**HOW TO COMPLETE THIS TASK**.
Please say how many lines in the records below contain the word "page", giving the number alone.

** DATA FOR THIS TASK follows **

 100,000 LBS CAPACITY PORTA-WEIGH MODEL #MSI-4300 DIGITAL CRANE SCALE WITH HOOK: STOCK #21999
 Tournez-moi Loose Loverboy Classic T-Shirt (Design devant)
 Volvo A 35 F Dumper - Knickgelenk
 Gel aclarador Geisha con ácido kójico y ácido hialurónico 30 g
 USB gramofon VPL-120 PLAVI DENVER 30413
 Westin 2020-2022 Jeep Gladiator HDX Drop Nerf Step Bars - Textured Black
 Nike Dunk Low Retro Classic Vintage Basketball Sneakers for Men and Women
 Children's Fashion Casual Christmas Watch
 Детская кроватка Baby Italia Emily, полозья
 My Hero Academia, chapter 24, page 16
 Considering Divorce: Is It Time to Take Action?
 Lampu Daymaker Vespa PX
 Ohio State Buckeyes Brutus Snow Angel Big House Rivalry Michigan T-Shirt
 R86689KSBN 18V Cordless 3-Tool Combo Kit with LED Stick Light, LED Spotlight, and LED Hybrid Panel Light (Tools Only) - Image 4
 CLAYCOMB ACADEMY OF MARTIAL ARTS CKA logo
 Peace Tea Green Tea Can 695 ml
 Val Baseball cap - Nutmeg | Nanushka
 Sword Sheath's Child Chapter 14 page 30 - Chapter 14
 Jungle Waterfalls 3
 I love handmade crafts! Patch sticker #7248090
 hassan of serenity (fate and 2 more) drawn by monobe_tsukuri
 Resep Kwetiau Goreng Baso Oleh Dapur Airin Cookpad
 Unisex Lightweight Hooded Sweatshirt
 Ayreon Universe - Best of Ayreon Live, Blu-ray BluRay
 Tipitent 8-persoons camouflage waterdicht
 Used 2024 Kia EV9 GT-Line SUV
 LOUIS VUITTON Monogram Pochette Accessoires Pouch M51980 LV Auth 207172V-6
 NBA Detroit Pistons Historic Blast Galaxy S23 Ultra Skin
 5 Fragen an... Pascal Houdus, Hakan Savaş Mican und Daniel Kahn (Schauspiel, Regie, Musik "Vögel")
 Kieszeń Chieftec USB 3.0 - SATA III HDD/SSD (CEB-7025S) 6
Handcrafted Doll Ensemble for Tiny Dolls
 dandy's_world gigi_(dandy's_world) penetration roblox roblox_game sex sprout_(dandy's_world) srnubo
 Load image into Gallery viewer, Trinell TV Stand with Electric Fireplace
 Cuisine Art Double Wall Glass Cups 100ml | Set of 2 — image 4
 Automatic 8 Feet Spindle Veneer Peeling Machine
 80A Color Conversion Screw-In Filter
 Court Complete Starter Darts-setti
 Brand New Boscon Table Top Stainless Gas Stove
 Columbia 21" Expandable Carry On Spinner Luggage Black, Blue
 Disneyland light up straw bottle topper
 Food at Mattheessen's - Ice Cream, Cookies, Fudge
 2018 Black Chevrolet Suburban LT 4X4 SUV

** End of DATA FOR THIS TASK **

**WRITTEN SOLUTION**.
2